A similar point is made by Neil Jones, Consultancy Partner at business solutions company TCS (Tata Consultancy Services): “It’s really about understanding what your customers want in the future, and then shaping your digital strategy to deliver those needs.”
Cause for disruption
There is much talk and speculation about how digital is going to change retail finance, particularly in terms of personal interaction and customer service. Brian Stevenson, Criticaleye Board Mentor and Non-executive Director of the Agricultural Bank of China (UK), says: “The branch is going to die just like high street retail is going to die and is dying because people don’t need it anymore... there isn’t a really fundamentally important reason for branches to continue. There is still a need for people to have face-to-face interaction but it doesn’t have to be in a branch the way that people think of it today.”
By contrast, others argue that there is a compelling reason why the branch will remain a core feature of the customer experience. Steve Pateman, Head of UK Banking at Santander, says: “I have no doubt that technology will play a massive part in the retail and corporate and commercial bank of the future. People will want to have the ability to pay-on-the-move and access information wherever they are... But this is not going to replace the relationship managers.
“It will not replace the branch. You can have the best information system, but if your delivery system with people isn’t up to scratch, then it will backfire. Too many people don’t understand that.”
While the degrees of personalisation may be open to debate, advances in the use of data and analytics have certainly made engagement more complex. Stephen comments: “Our traditional approach to financial services has been to push products out... What the data allows us to do is actually know customers better, engage them on a much more personal basis and then apply how we help them and make things easier for them, based on their experience.”

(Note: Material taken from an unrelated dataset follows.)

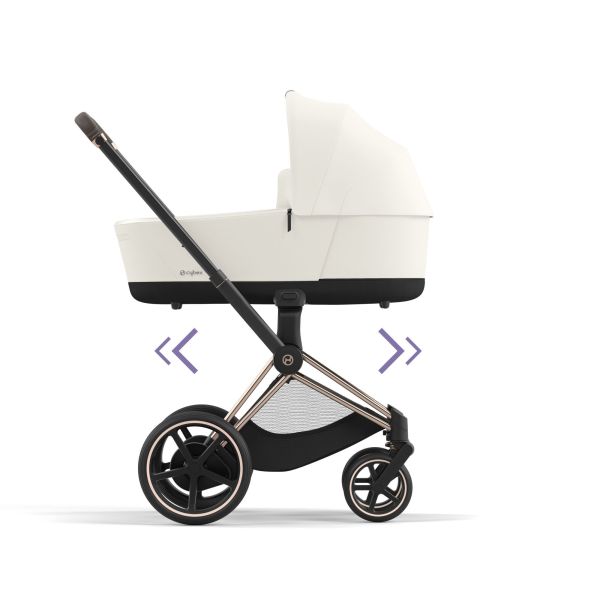 Poussette duo e-Priam 2 Off White châssis Rose Gold + Nacelle Luxe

Banks are in a privileged position when it comes to data, with access to customers’ transactional patterns and often the broader financial make-up of their lives, but many are not taking advantage of this due to restrictive legacy systems. According to a report by TCS from 2013, almost 80 per cent of the 300 FS senior executives surveyed said they were losing opportunities to improve the customer journey in real time due to failings in their existing systems and processes.
Brian comments: “They are relying on core systems that don’t actually analyse the data or produce the data in any way, shape or form that’s user-friendly... financial service providers should ultimately know their customers’ needs better. That should avoid things like mis-selling.”

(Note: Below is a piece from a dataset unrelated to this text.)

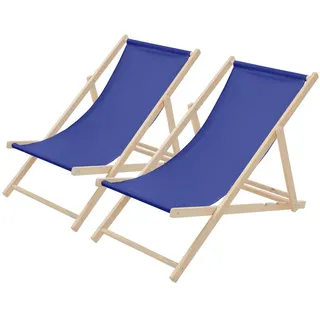 ECD-Germany Liegestuhl samt Blau 2er Set , Holz , 57.5x83x100 cm , Gartenmöbel, Gartenliegen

For traditional financial institutions, utilising information across channels can be incredibly challenging. Neil comments: “You can’t easily change your legacy system... what you’ve got to try and do is build something that sits on top. A good example is Barclays’ Pingit, which enables you to use your phone to send money to someone else’s phone.”

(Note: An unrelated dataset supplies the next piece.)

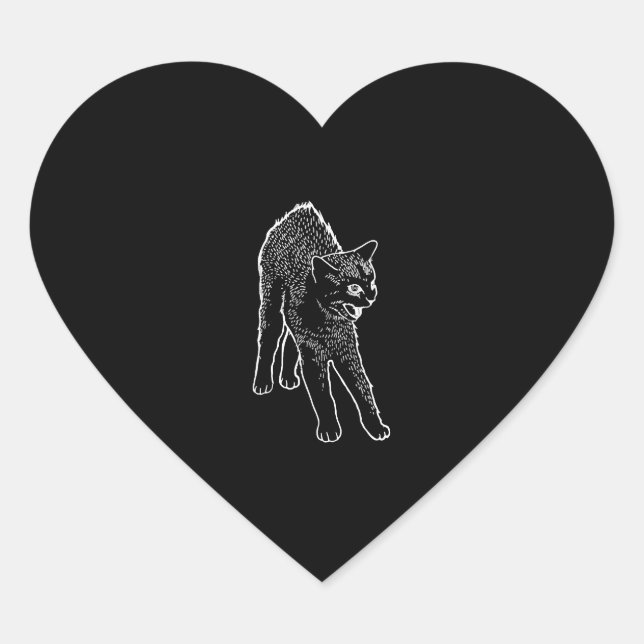 Angry cat  heart sticker (Front)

As well as legacy issues, the regulatory environment can be seen as another barrier to digital innovation. Neil adds: “It’s a millstone around the neck of every single financial service operator... the barrier is often: A, the quantity of regulation, and B, how many organisations and regulators interpret it. So ensure you comply, but use compliance to change the way you operate and try to innovate.”
Expect a surge in ‘pure-play’ digital financial service providers over the coming years. While they may not have the scale of established institutions, they may bring brand new ways of providing services and engaging with customers which will cause ripples in a sector that has been set in its ways for far too long. “If you are a new player… you don’t have [the] history and you don’t have to migrate old products to new platforms, or old technology to new technology,” says Brian.
There are some real strategic and operational dilemmas for financial service providers if they are to deal with the transition to digital. What is beyond doubt is that while risk, trust and security need to be managed impeccably, change is inevitable because it is all being driven by the customer.